After the "purges," many disappointed sympathizers in Eritrea and abroad turned away from the government in Asmara, accusing it of having betrayed its own ideals. Afwerki, 71, remains at the head of the one-party regime. He is a stubborn autocrat who still thinks like a liberation fighter, at least according to one of the few advisers with access to the president. Afwerki lives in a simple house, where he conducts experiments in breeding crop plants. He is, the adviser says, feared by his subordinates.

Apparently Afwerki only understands the language of violence. During his combat years, he would reportedly head-butt fellow fighters who disagreed with him. There are many indications that the president suffers from "Gorbachev syndrome," worried that his power structure will collapse if he tries to reform it. "There is also a generational conflict. Our country is ruled by old men. There are no ministers under 65," says a businessman. "These gerontocrats suffer from paranoia and desperately cling to their failed utopia."

Foto: DER SPIEGEL

The article you are reading originally appeared in German in issue 44/2017 (October 27th, 2017) of DER SPIEGEL.

Eritrea is one of the world's poorest countries, a small agricultural nation on the Horn of Africa, isolated, at odds with its neighbors and lacking the support of its old allies. The regime only has good relations with China, Cuba and a few Arab countries, as well as with Canadian and Australian companies that mine mineral resources like potash, zinc and silver.

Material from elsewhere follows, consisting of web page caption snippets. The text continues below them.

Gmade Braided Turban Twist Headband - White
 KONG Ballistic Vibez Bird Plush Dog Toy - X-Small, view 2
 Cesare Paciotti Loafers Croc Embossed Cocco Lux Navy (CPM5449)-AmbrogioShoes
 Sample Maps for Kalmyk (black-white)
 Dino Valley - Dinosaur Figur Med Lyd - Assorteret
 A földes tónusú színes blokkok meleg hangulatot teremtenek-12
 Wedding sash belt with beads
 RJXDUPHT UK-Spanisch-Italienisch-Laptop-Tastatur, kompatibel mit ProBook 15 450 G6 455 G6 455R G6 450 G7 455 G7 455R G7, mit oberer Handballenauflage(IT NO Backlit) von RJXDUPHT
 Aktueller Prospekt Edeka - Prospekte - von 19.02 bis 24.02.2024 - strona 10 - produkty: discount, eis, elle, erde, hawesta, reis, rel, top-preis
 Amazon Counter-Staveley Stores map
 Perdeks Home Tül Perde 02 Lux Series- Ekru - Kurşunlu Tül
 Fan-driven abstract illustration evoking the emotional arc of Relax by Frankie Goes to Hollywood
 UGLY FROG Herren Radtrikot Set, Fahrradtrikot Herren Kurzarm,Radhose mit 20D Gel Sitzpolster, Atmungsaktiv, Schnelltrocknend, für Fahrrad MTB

The country's most important sources of hard currency are mining and the 2 percent "development tax" that overseas Eritreans must pay for their return remittances, amounting to about $1 billion a year.

'More Like Cuba'

The main problem is that the government knows nothing about modern economics, says the businessman. "It still emphasizes a state-controlled economy and suffocates all private initiative." But Eritrea has many young people with good ideas, and not everyone sees the military and work service as a burden.

So is the government oppression not so bad, after all? "No, it definitely is not," says a diplomat who has lived in Asmara for years. "Total control of the population? Enslavement? I must have missed something." In an internal analysis SPIEGEL has obtained, EU ambassadors accuse the UN Human Rights Council of drawing an "imbalanced picture" of the situation. For instance, they argue, the UN report's authors provide no proof of when, where and by whom crimes were committed.

The ambassadors are by no means downplaying the conditions in Eritrea. They are sharply critical of human rights violations, the lack of transparency and the rule of law, and the security forces' immunity from prosecution. Nevertheless, they say, most of the people who leave the country are not politically persecuted, but leave because of their poor economic outlook and to avoid the indefinite military service. According to the EU envoys, these push factors are augmented by a pull factor: the extensive protection granted to Eritreans who have made it to Europe.

Between the lines of this assessment is a recommendation that will infuriate human rights activists: The general practice of accepting Eritreans is in urgent need of review. Switzerland has led the way since mid-2016. The country no longer grants Eritreans asylum if they cite their illegal departure from Eritrea as their only reason for fleeing the country.

Germany's Federal Office of Migration and Refugees faces a dilemma. On what should it base its future decisions? The only thing that can be said with certainty is that no one can assess the actual situation in the country. The government is loosening the reins, but its security agencies are still operating in an extralegal vacuum. Members of the opposition are persecuted, abused and locked up.

"But North Korea? What nonsense," says old Graciano, sitting in the bar as he does every day. "We are more like Cuba."